By Bill Hoppe
Sabres goalie Jhonas Enroth, a quiet, diminutive rookie, stood before all his teammates in the dressing room Thursday, holding a special reward for his career-high 41-save performance in a 4-2 triumph, a player of the game helmet.
But the memento wasn’t free, you know, so the soft-spoken Swede, a man of few words, had to give a short speech.
“To him, it was like, ‘Good job, power play,’” Sabres coach Lindy Ruff said. “That’s it. End of the speech.”

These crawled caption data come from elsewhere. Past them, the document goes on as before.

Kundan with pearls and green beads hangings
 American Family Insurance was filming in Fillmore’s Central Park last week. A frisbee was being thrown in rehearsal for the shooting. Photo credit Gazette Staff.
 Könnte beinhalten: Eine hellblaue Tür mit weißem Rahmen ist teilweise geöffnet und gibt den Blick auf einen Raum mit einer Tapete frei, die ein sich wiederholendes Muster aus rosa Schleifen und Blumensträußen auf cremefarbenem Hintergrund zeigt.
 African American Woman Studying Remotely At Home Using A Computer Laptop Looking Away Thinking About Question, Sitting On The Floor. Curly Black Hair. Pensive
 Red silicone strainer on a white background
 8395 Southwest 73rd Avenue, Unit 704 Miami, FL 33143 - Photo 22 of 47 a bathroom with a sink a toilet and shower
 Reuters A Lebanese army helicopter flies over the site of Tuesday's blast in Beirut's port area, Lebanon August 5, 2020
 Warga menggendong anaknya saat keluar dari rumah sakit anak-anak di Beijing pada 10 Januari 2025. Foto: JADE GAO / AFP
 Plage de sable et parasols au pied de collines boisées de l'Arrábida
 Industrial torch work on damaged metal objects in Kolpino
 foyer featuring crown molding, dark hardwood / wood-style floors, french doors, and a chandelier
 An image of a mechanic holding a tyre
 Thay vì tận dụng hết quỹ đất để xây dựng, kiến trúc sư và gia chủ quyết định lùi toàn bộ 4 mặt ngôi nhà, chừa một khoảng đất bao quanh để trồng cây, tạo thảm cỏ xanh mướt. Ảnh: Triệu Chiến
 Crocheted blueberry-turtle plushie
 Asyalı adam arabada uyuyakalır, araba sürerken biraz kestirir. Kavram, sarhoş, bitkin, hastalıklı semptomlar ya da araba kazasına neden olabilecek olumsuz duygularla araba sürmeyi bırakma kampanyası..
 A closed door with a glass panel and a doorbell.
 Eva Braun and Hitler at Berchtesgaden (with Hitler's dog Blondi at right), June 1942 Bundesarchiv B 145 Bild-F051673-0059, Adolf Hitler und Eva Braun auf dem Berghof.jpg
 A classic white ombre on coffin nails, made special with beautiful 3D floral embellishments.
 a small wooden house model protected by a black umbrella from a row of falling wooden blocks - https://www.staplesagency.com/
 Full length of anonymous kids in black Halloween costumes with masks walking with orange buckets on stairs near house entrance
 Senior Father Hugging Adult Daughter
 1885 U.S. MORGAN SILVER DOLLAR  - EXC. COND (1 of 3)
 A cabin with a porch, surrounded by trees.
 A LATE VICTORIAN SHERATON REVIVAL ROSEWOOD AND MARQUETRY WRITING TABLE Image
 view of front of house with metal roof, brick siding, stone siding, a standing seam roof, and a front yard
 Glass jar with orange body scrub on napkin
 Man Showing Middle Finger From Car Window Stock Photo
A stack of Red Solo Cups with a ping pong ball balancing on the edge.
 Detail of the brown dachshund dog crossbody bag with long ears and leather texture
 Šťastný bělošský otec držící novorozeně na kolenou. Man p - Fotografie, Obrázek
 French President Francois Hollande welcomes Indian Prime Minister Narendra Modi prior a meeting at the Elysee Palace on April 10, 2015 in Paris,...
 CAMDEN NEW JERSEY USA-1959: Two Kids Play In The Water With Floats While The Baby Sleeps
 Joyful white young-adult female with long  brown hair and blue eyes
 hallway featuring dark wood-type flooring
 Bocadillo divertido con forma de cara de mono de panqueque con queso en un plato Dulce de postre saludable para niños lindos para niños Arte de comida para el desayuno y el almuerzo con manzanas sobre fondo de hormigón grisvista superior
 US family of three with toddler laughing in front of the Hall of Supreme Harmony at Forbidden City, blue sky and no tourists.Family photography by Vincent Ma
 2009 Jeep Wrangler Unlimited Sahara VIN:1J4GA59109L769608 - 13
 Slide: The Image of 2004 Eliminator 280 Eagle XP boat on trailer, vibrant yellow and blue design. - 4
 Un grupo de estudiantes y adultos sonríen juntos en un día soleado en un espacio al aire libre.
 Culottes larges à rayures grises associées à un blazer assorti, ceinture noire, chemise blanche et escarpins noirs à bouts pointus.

Enroth had a point. The power play, mired in a one-of-17 funk, busted out for two goals in three tries. He also could’ve thanked agitator Patrick Kaleta, who fought a spirited bout early and scored the late winner against the hapless Columbus Blue Jackets. Enroth wouldn’t have been wrong acknowledging captain Jason Pominville, whose two-goal, three-point performance continued his scorching start.
Credit was due all around following the Sabres’ first win in three tries at the First Niagara Center this year. No one, however, deserved more than Enroth, who showcases a coolness few goalies possess.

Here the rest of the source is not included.